The home nations have endured mixed fortunes after completing their respective summer tours to the southern hemisphere.
Ireland were the standout performers. Here are some of the takeaways from the weekend's third Tests.
Plenty has been said about Ireland in years gone by and whether they have had the ability to lift the World Cup, but Saturday's performance was a major statement on their credentials to next year's showpiece in France, with the men in green now priced at 5/1 to lift the Webb Ellis trophy in 2023.
Last week's 23-12 win in Dunedin was an historic achievement in itself, as it was Ireland's first-ever win on All Black soil, while it also levelled the series at 1-1.

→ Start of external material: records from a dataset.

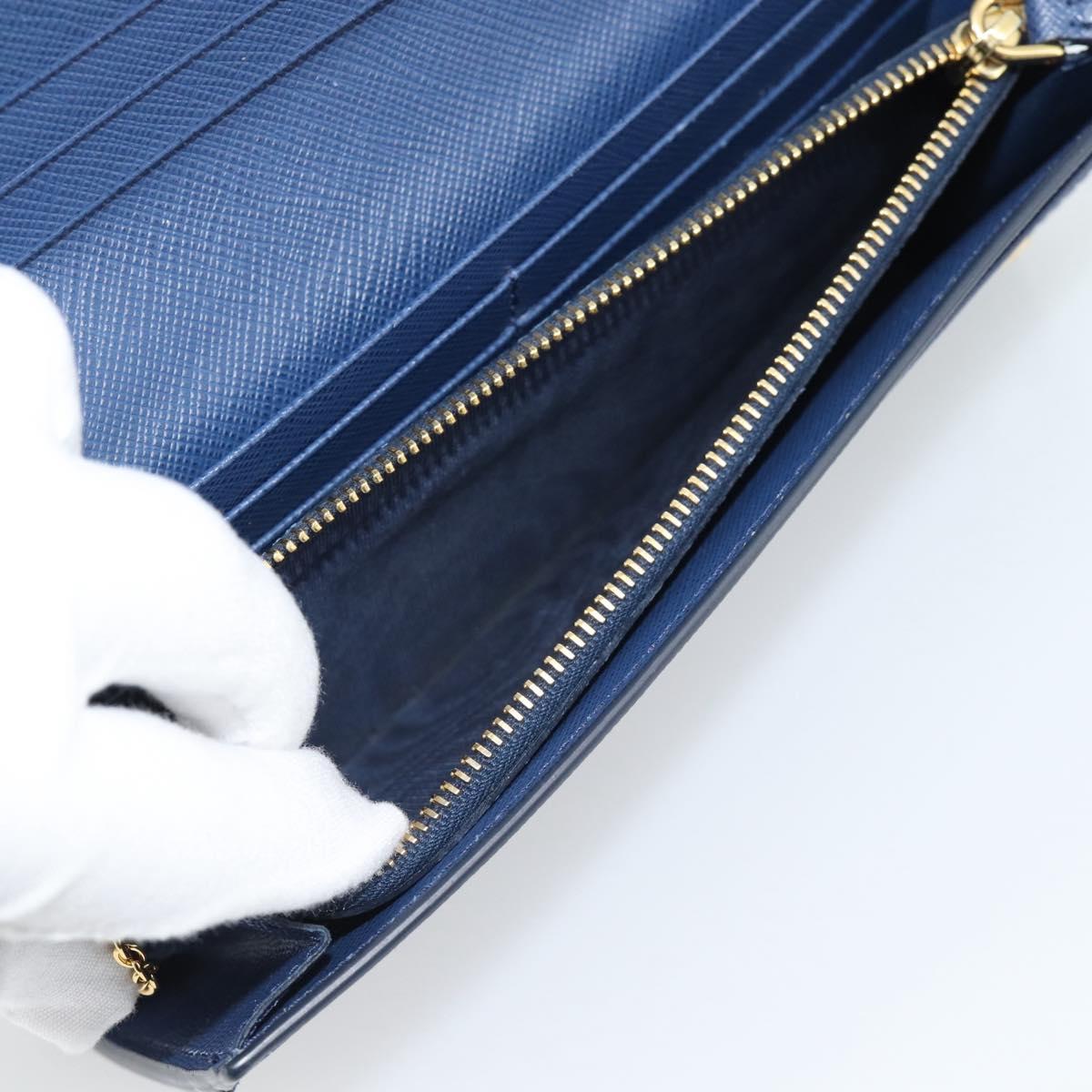 PRADA Long Wallet Safiano Leather Blue Gold Auth 190465A - Jerrillo image 10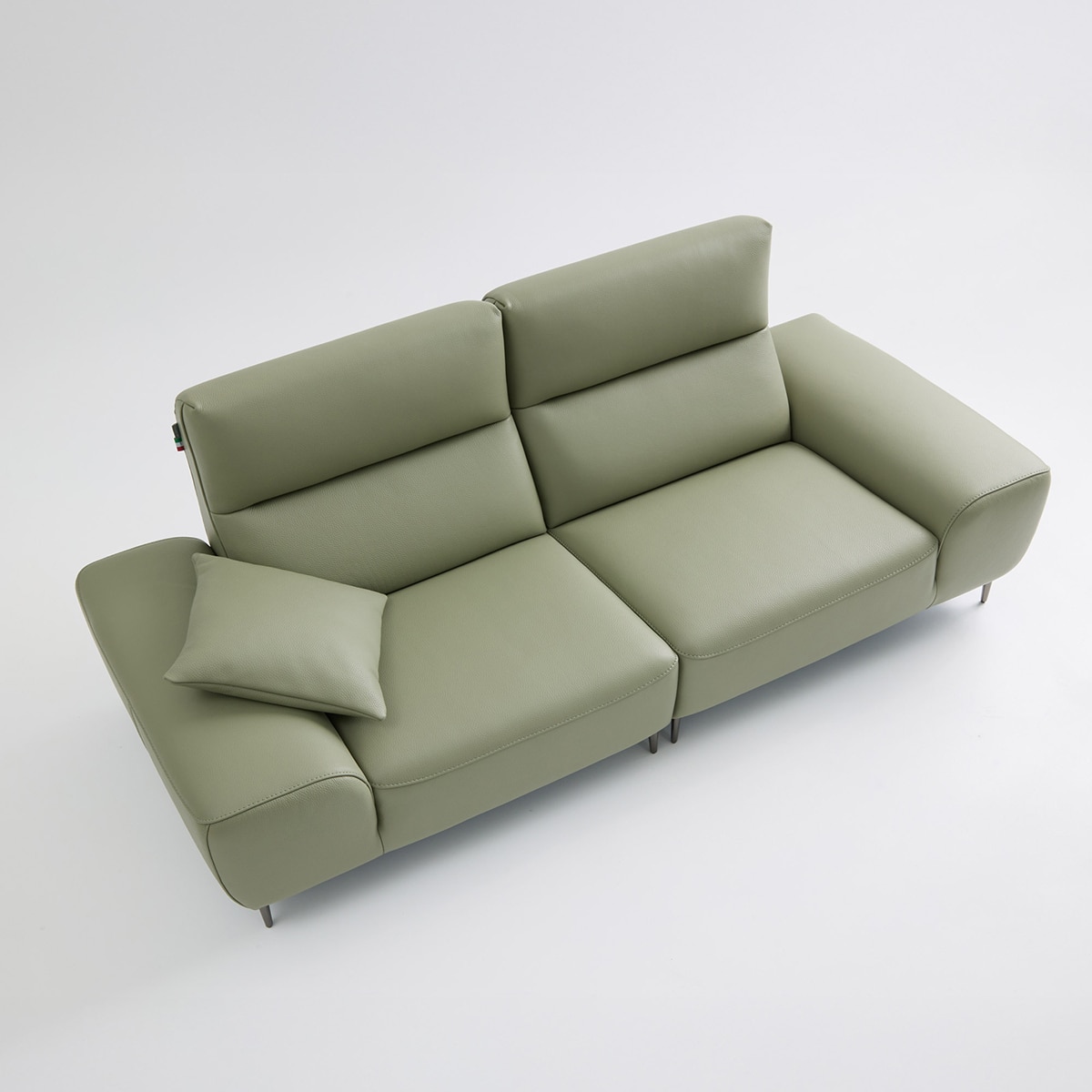 UND NA17 전체 천연 이태리 슈렁큰통가죽 3.5인 소파 - 올리브그린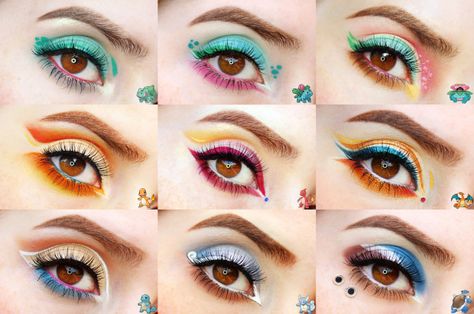 Pokemon Makeup Looks, Pokemon Makeup, Makeup Anime, Pokemon Challenge, Eyeshadow Styles, Character Nails, Makeup Challenge, 151 Pokemon, Pokemon Halloween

However, to follow that victory up with the sort of performance they put in on Saturday is of tremendous credit to all concerned, cementing the achievement as Ireland's greatest in its rugby history, and sending a warning to their rivals about next year.
Andy Farrell's men were at it right from the off and dominated the All Blacks in their own back yard in a match which had everything on the line.
They may have had to weather something of a storm and perhaps got the benefit of refereeing decision that could have seen them have a man sent off, but they showed great character and composure to come through that test to regain the ascendancy late on and secure the win.
Every facet of their game seemed to be on point and if they replicate that sort of performance consistently in France next year, they may well be tough to stop.
All is not well in the New Zealand camp and their aura of invincibility has been eroded further with a fourth loss in the last five Tests, which also resulted in their first series defeat on home soil for 28 years.
The All Blacks remain one of the favourites for World Cup success, but a price of 3/1 to regain the Webb Ellis trophy next year may only get bigger with head coach Ian Foster seemingly under intense pressure to keep his job, with a little over a year to go until the showpiece tournament.
New Zealand Rugby chief executive Mark Robinson labelled his side's performances as "unacceptable" and it remains to be seen whether Foster will still be in charge when the All Blacks open their Rugby Championship campaign against South Africa on August 7.
There may still be plenty of work to do for England in attack, but they have shown they have decent foundations to build from after turning round what had been a disappointing 2022 to date by securing a series win in Australia.
Eddie Jones' men registered only two wins in a poor Six Nations campaign and surrendered an advantage against 14-men in the first Test to put themselves under pressure.
To their credit, they responded in the second Test by grinding out a 25-17 win to set up the decider and backed that up with another streetwise performance, perhaps helped by an error-prone Australia, as they ran out 21-17 winners in Sydney.
Their set-piece play looks to be in a good shape, while they enjoyed the better of the breakdown against the Wallabies, with the defence standing up when it needed to, with the Red Rose keeping their discipline to ultimately see out the win.
There may still be problems defending out wide, as the hosts showed in the first half, while the playmaking axis of Marcus Smith and Owen Farrell has yet to convince, despite the former's decisive score in the second half.
However, this series success, with a number of key injuries to boot, should only give the players confidence they are on the right path, as well as the knowledge they can see out close games.
Wales have taken a step back in the right direction with their tour of South Africa, giving the world champions a real run for their money, but ultimately ending in defeat with a 30-14 loss in Cape Town in the decisive third Test.
The fact that the series went to a decider speaks volumes for the character of the squad, particularly as they had to deal with one injury setback after another, while they went into the series on the back of a home loss to Italy which saw them finish fifth in the Six Nations as defending champions.
However, they stood up to the test that the Springboks inevitably brought, and the emergence of the likes of Tommy Reffell means there are plenty of positives to take in defeat.
Wayne Pivac's men did of course secure their first ever win on South African territory to level the series at 1-1, with a 13-12 victory in the second Test, having also had their chances in the opening 32-29 defeat.
Having beaten only Scotland in the Six Nations, this series was a welcome boost as the Welsh start their preparations for next year's World Cup.
There are plenty of things to work on for Scotland as they suffered a disappointing 34-31 defeat in the third Test against the Pumas in Santiago del Estero to lose the series 2-1.
Scotland will be kicking themselves after playing some excellent rugby to have established a 15-point lead in the game, only for ill-discipline and poor execution to let the hosts back in.
Still, it will have been a real gut-punch to lose the game in the fashion they did, having been 28-13 in front with 30 minutes to play, only for Emiliano Boffelli to cross over at the death before converting his score to confirm a famous win for the Pumas.
Blair Kinghorn was pulling the strings at number 10, in the absence of the likes of Finn Russell and Stuart Hogg, but ultimately Gregor Townsend's men just couldn't control the game when they needed to under pressure, and they will be hugely disappointed with the setback.